## Required action:
When you reach the line containing "菱角怎么剥壳(快速技巧) 菱角怎么洗" in the entries below, start writing out each line exactly, and stop after the line containing "Monarch Butterfly Wallpapers".

## Record set:

--

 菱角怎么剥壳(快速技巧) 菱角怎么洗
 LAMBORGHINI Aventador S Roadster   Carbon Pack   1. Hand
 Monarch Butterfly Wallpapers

--

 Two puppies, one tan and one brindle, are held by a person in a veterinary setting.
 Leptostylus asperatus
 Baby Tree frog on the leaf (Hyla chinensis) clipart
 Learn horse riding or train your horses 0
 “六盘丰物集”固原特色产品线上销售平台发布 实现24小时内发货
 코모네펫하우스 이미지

--

## Completed exercise:
 菱角怎么剥壳(快速技巧) 菱角怎么洗
 LAMBORGHINI Aventador S Roadster   Carbon Pack   1. Hand
 Monarch Butterfly Wallpapers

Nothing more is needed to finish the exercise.